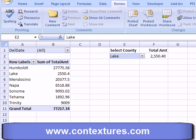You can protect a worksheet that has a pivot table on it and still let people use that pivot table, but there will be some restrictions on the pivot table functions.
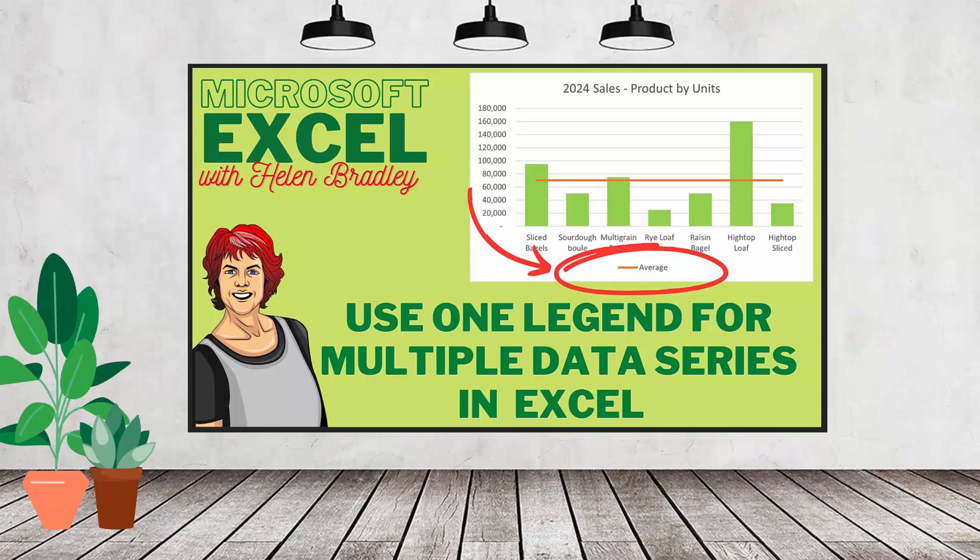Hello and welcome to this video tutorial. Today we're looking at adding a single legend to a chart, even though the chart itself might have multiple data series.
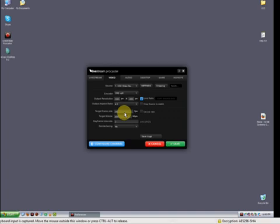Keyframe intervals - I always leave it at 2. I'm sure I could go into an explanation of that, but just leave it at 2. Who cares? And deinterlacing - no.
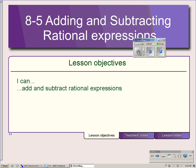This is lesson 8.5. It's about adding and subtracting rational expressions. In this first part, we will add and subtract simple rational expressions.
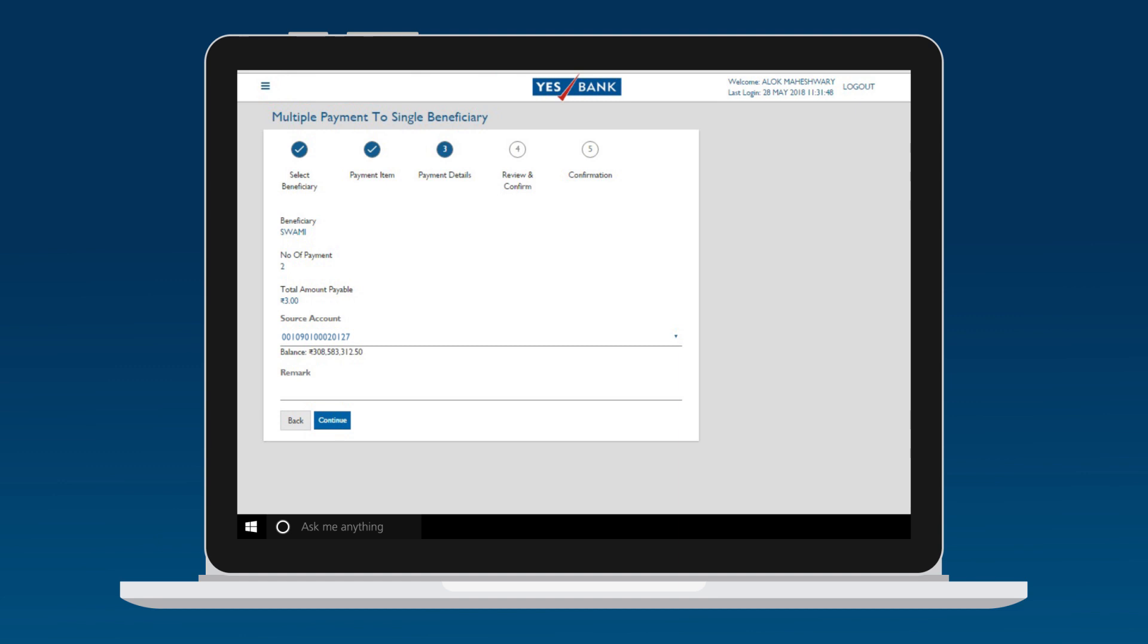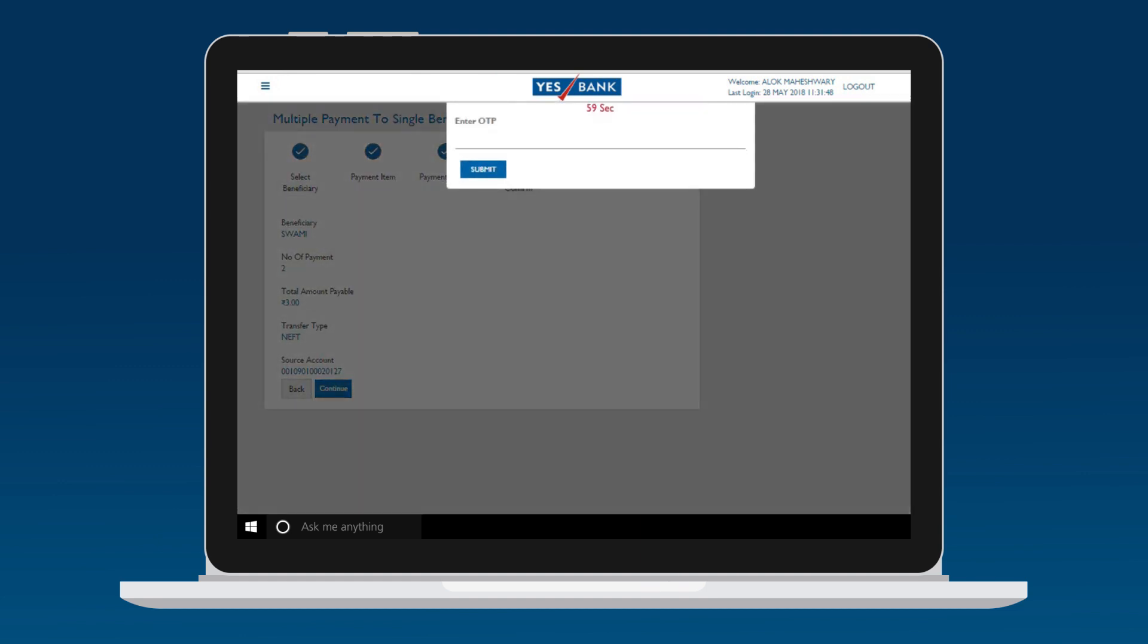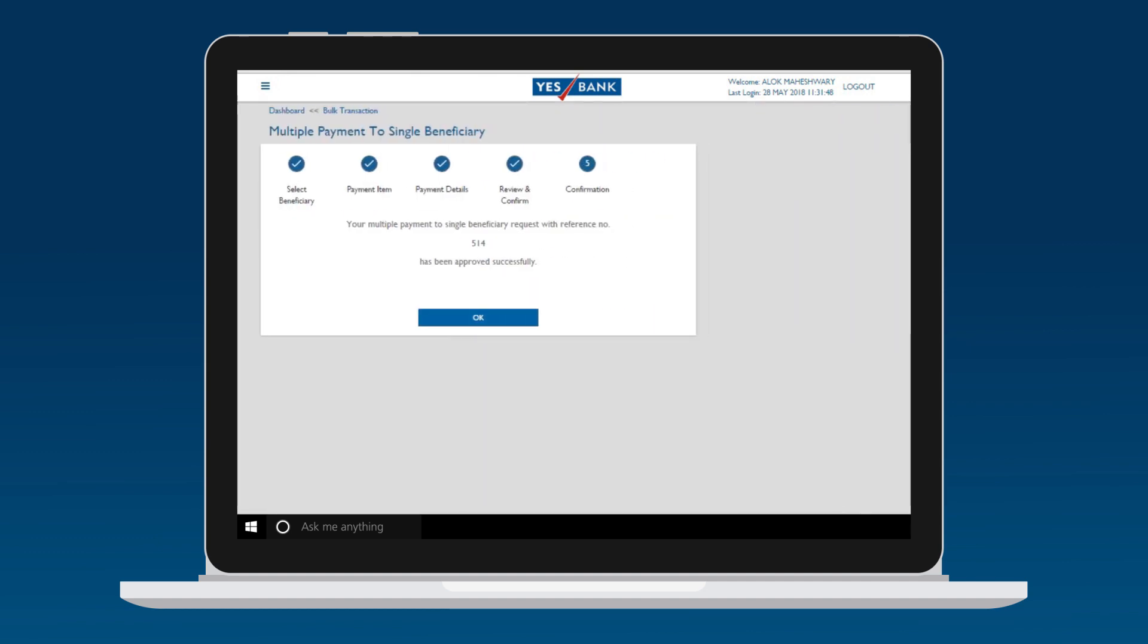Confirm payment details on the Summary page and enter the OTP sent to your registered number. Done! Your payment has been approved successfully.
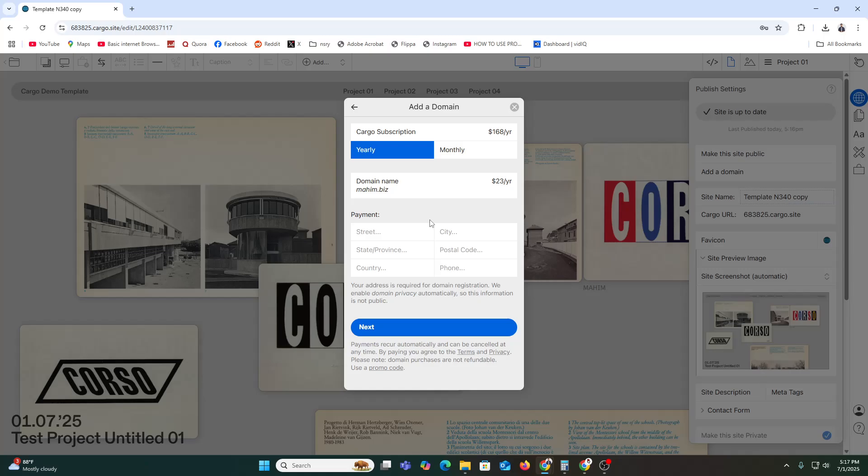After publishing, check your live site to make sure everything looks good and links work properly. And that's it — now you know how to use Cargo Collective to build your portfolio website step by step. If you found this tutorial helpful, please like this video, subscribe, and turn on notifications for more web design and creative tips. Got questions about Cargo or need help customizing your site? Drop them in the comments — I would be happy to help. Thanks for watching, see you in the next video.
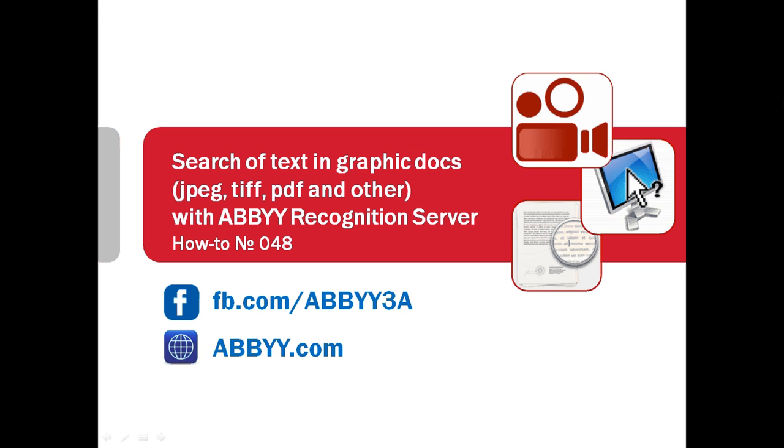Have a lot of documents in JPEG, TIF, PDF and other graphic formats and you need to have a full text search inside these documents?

• What this task involves
You need to copy every entry exactly, taking out only the pictures.

• The answer
You can protect a worksheet that has a pivot table on it and still let people use that pivot table, but there will be some restrictions on the pivot table functions.
Hello and welcome to this video tutorial. Today we're looking at adding a single legend to a chart, even though the chart itself might have multiple data series.
Keyframe intervals - I always leave it at 2. I'm sure I could go into an explanation of that, but just leave it at 2. Who cares? And deinterlacing - no.
This is lesson 8.5. It's about adding and subtracting rational expressions. In this first part, we will add and subtract simple rational expressions.
Confirm payment details on the Summary page and enter the OTP sent to your registered number. Done! Your payment has been approved successfully.
After publishing, check your live site to make sure everything looks good and links work properly. And that's it — now you know how to use Cargo Collective to build your portfolio website step by step. If you found this tutorial helpful, please like this video, subscribe, and turn on notifications for more web design and creative tips. Got questions about Cargo or need help customizing your site? Drop them in the comments — I would be happy to help. Thanks for watching, see you in the next video.
Have a lot of documents in JPEG, TIF, PDF and other graphic formats and you need to have a full text search inside these documents?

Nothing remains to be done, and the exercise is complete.